RAND Review
Peace Entrenched
Planning for a Palestinian State Should Not Await a Final Settlement
Health: Strong Pulse, but Needs Tending
The health system of a future Palestinian state begins with many strengths, including a relatively healthy population (see Figure 6), a high societal value placed on health, many highly qualified health professionals, national plans for health system development, and a strong base of governmental and nongovernmental institutions. Nonetheless, important areas of concern include poor systemwide coordination of programs and considerable deficits in operating budgets.
Future investments from international donors should be directed toward two areas of priority: (1) integrating the health system more closely, with input from all relevant governmental and nongovernmental stakeholders, and (2) improving health care programs, particularly in public health and primary care. These programs include immunization, micronutrient fortification and supplementation, prevention and treatment of chronic and noninfectious diseases, and treatment of developmental and psychosocial conditions.
|
The Palestinian health system could constructively absorb between $125 million and $160 million per year in new, additional international support over the first decade of an independent state. This support, combined with increased Palestinian spending for health care, would raise the level of spending on health care per person to an internationally respectable level (see Figures 7 and 8).
|
Education: More Students, More Investments
Despite having a strong foundation, the Palestinian education system faces notable challenges. These include rising levels of malnutrition, homelessness, and poor health among children; inadequate facilities and supplies; unsafe schools and routes to schools; lack of special-education options for students with special needs; and the absence of life-long learning opportunities. The system is severely underfunded. Meanwhile, student enrollment is expected to increase substantially over the next decade (see Figure 9).
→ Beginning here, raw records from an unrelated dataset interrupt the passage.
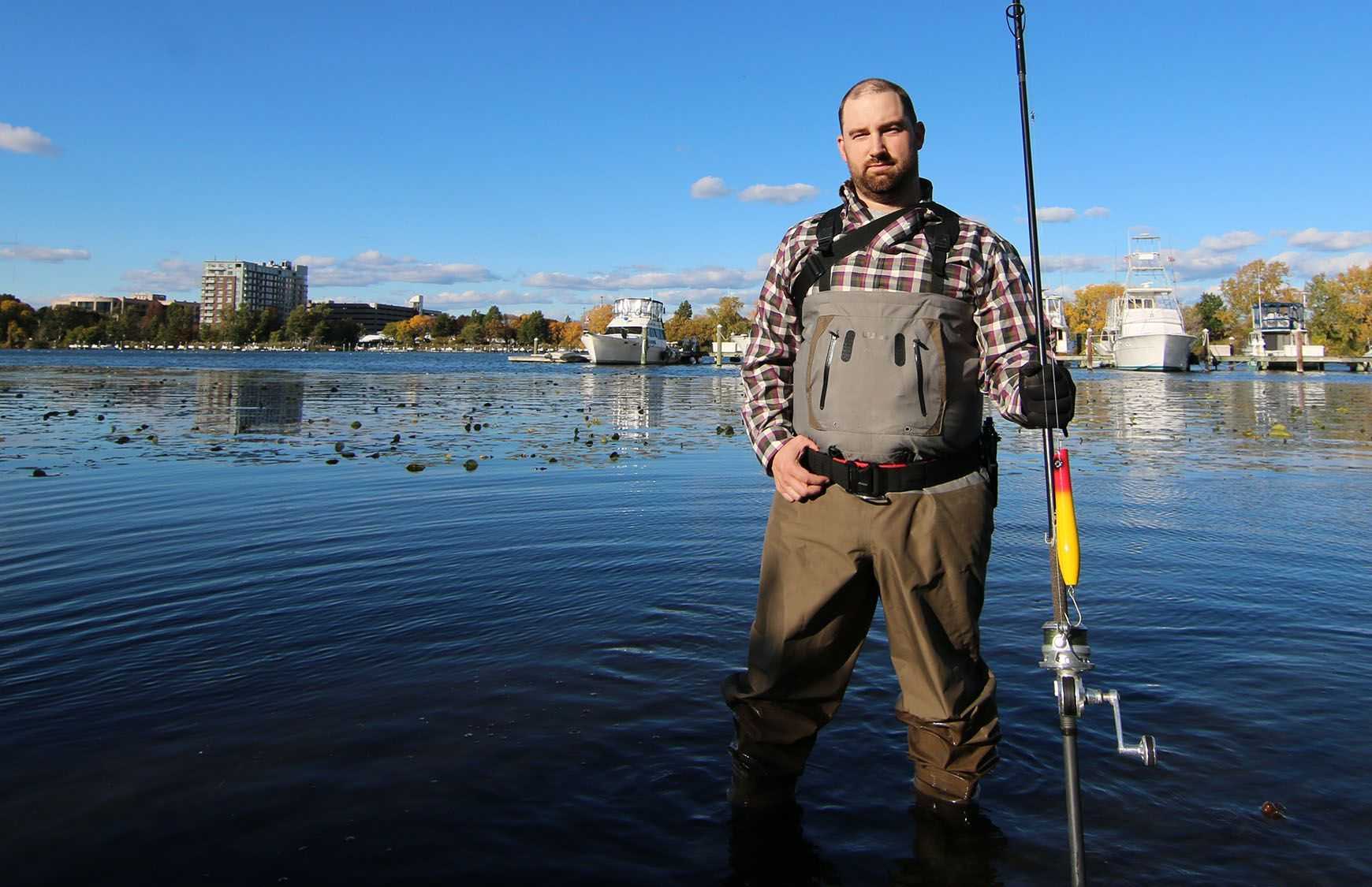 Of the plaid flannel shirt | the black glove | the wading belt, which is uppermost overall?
the plaid flannel shirt

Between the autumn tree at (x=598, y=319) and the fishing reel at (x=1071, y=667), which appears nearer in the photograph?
the fishing reel at (x=1071, y=667)

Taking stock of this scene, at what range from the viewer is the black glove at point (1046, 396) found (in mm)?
2846

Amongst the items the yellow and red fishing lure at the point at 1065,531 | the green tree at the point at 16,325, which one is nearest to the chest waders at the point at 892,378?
the yellow and red fishing lure at the point at 1065,531

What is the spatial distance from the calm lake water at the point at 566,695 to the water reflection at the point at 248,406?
874cm

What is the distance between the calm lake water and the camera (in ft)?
10.3

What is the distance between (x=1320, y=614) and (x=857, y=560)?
15.1 feet

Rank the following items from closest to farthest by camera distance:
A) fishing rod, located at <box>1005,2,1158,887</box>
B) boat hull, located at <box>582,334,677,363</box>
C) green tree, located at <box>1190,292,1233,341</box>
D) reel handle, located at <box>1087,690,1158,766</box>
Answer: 1. fishing rod, located at <box>1005,2,1158,887</box>
2. reel handle, located at <box>1087,690,1158,766</box>
3. boat hull, located at <box>582,334,677,363</box>
4. green tree, located at <box>1190,292,1233,341</box>

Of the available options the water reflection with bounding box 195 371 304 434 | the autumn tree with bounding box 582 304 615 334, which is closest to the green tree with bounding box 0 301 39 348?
the autumn tree with bounding box 582 304 615 334

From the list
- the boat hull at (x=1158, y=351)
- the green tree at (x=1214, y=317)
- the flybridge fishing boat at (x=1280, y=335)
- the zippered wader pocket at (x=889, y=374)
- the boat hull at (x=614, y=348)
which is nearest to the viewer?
the zippered wader pocket at (x=889, y=374)

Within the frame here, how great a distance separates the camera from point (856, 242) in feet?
10.2

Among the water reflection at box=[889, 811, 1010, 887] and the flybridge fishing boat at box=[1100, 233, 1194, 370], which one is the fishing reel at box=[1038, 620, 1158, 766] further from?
the flybridge fishing boat at box=[1100, 233, 1194, 370]

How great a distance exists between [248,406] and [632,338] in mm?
75190

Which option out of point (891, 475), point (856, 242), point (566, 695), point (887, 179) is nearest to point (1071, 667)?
point (891, 475)

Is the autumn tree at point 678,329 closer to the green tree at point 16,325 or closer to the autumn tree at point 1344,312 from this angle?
the autumn tree at point 1344,312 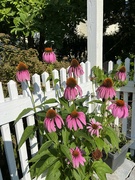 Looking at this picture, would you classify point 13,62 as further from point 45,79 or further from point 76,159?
point 76,159

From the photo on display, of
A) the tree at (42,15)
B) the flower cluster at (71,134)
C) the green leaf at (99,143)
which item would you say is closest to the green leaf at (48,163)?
the flower cluster at (71,134)

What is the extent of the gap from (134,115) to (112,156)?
31.3 inches

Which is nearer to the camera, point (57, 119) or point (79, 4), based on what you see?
point (57, 119)

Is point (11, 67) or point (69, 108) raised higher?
point (11, 67)

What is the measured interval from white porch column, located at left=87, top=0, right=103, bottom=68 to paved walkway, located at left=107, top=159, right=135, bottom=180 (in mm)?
1311

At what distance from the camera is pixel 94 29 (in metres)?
2.42

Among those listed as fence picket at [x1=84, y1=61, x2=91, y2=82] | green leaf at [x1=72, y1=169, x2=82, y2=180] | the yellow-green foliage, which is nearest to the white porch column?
fence picket at [x1=84, y1=61, x2=91, y2=82]

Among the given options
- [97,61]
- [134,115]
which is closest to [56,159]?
[97,61]

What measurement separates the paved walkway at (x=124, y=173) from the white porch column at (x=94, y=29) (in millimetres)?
1311

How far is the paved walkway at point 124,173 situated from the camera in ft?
7.92

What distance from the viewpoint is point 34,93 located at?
195 cm

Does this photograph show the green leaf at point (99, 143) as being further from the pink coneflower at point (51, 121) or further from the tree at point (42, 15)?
the tree at point (42, 15)

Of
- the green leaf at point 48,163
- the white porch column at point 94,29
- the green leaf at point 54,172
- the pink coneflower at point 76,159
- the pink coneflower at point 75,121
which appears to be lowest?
the green leaf at point 54,172

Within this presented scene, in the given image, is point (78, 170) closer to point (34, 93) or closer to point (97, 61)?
point (34, 93) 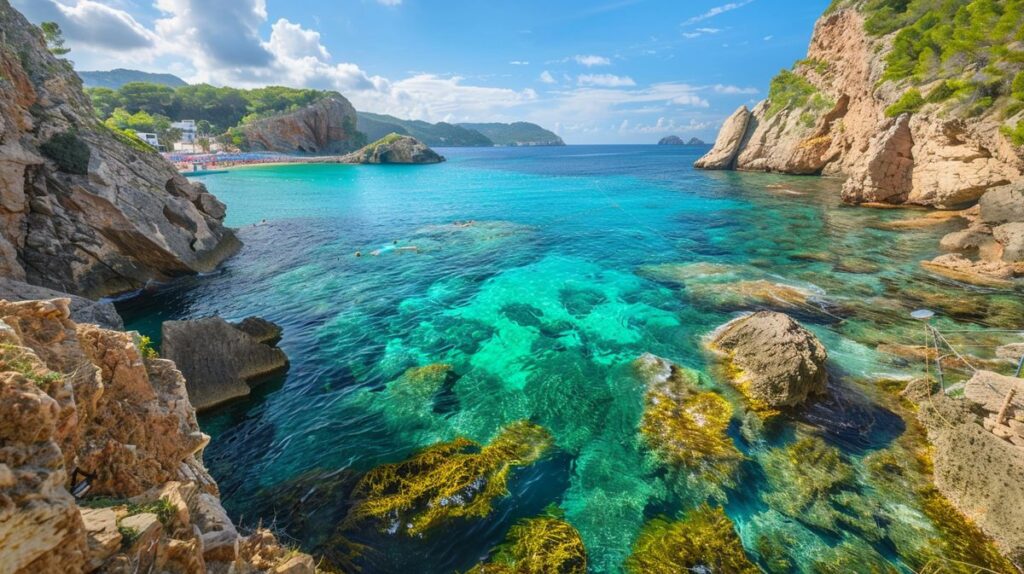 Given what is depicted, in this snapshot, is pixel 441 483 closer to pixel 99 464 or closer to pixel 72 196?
pixel 99 464

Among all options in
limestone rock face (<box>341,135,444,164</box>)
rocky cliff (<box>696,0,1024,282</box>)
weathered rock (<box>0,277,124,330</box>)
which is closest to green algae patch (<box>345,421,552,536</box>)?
weathered rock (<box>0,277,124,330</box>)

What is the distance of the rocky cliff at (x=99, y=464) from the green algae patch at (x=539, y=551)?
164 inches

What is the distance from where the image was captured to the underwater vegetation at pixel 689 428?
10.8 metres

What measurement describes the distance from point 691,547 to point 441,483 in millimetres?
6072

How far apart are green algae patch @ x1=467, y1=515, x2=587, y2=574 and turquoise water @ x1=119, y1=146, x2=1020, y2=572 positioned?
28 cm

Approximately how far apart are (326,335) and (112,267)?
14.3m

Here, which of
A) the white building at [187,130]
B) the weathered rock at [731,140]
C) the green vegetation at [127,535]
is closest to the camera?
the green vegetation at [127,535]

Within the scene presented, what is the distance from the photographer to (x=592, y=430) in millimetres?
12703

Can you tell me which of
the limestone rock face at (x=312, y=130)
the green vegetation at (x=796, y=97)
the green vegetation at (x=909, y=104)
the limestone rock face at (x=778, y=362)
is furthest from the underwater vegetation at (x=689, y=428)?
the limestone rock face at (x=312, y=130)

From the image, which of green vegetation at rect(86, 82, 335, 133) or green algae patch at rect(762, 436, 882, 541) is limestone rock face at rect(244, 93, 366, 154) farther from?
green algae patch at rect(762, 436, 882, 541)

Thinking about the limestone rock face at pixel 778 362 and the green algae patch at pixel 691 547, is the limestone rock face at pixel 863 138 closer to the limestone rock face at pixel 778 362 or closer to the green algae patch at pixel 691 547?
the limestone rock face at pixel 778 362

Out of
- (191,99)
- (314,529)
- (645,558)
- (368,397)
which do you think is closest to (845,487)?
(645,558)

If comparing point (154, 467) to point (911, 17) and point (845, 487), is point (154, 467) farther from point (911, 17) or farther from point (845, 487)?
point (911, 17)

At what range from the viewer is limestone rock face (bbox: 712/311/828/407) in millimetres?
12922
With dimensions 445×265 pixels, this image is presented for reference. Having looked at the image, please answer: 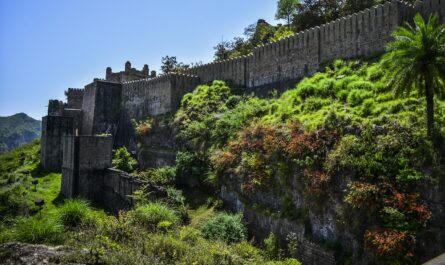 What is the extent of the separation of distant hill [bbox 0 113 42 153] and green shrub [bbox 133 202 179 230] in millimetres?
128183

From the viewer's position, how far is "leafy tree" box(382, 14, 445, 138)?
Answer: 14.3 meters

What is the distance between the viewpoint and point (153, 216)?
1867cm

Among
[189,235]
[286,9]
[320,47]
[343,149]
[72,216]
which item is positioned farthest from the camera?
[286,9]

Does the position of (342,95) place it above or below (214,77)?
below

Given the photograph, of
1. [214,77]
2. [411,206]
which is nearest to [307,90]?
[411,206]

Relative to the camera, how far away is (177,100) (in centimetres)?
3397

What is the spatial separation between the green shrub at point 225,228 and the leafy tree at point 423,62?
8625mm

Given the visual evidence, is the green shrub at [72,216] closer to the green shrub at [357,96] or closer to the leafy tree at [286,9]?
the green shrub at [357,96]

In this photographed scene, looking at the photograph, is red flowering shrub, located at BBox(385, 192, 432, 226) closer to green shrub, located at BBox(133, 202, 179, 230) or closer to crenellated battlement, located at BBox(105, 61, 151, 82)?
green shrub, located at BBox(133, 202, 179, 230)

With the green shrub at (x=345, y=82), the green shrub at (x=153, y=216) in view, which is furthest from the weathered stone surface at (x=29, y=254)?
the green shrub at (x=345, y=82)

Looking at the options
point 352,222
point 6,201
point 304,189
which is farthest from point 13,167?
point 352,222

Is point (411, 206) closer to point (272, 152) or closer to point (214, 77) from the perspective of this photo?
point (272, 152)

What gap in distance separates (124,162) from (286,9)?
25.8 metres

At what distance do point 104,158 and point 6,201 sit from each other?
6647 mm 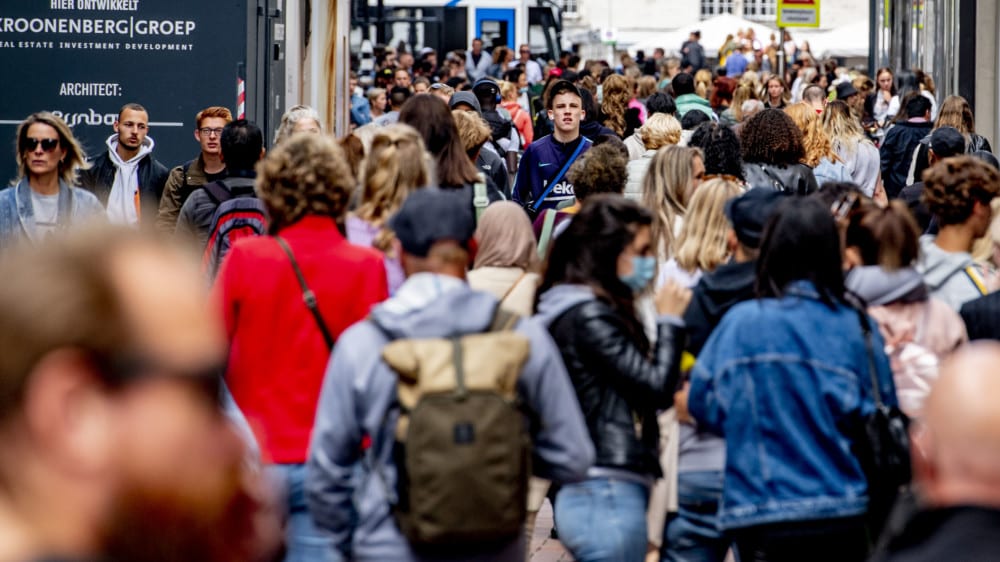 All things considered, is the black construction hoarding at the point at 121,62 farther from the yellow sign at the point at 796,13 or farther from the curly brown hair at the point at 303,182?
the yellow sign at the point at 796,13

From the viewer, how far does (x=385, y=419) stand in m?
4.02

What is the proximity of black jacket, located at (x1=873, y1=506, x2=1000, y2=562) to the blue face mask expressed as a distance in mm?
2429

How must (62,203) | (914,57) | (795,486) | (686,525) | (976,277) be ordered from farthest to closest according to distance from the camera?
(914,57) < (62,203) < (976,277) < (686,525) < (795,486)

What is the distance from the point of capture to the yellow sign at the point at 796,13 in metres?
24.0

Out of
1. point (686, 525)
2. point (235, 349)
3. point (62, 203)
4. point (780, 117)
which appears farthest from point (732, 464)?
point (780, 117)

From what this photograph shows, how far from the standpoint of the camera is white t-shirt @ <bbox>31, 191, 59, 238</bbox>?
7.51 m

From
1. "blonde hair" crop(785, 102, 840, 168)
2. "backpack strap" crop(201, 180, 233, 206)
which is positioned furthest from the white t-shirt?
"blonde hair" crop(785, 102, 840, 168)

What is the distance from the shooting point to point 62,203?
25.2 ft

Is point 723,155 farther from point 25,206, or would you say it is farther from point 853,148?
point 25,206

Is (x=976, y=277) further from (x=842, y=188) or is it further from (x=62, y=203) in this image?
(x=62, y=203)

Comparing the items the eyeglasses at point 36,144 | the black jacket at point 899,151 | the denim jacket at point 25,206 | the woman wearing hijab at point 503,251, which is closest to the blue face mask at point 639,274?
the woman wearing hijab at point 503,251

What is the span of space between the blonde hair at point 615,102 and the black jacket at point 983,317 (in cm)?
798

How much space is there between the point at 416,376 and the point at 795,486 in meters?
1.23

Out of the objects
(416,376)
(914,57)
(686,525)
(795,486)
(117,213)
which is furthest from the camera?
(914,57) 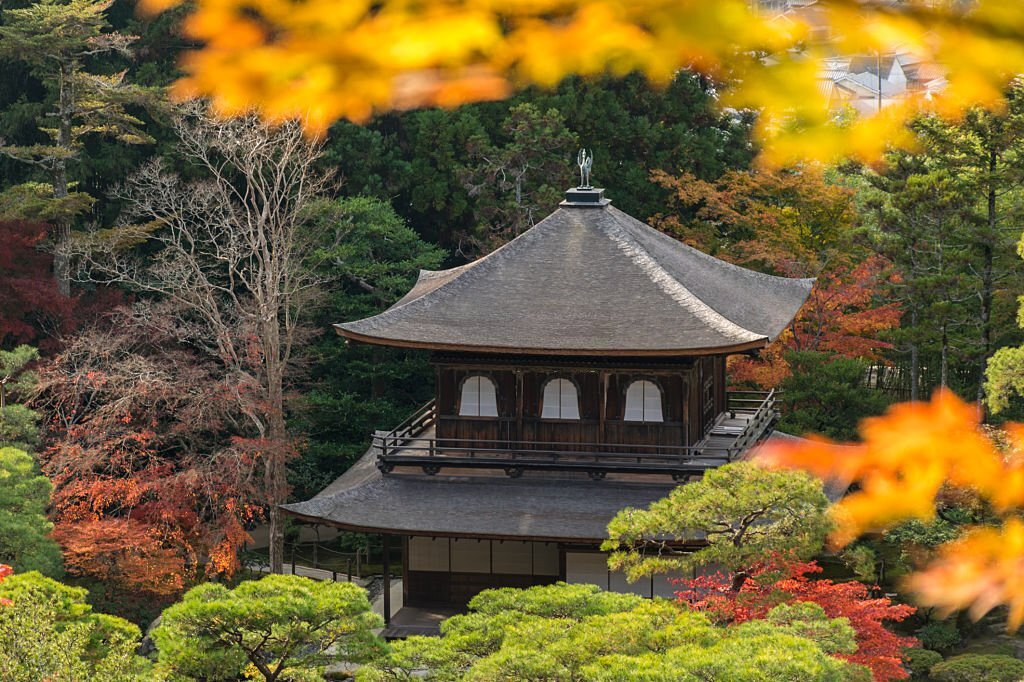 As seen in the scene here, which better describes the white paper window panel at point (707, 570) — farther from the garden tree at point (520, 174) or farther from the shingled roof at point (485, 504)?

But with proper investment from the international community, a Palestinian state could become a powerful player in the region’s knowledge economy. A stronger education system will be an indispensable down payment on future economic success. Investments should be directed toward expanding enrollments in early childhood programs and secondary schools, making special education available, stressing development of civic skills and social responsibility, modernizing vocational education to produce workers with needed skills, and expanding science and engineering programs at universities.
The Palestinian education system will need between $1 billion and $1.5 billion per year in financing over the first decade of statehood to support national ambitions for development (see Figure 10). This investment level, about four times the current spending level, is based on international benchmarks for spending per pupil in successful education systems.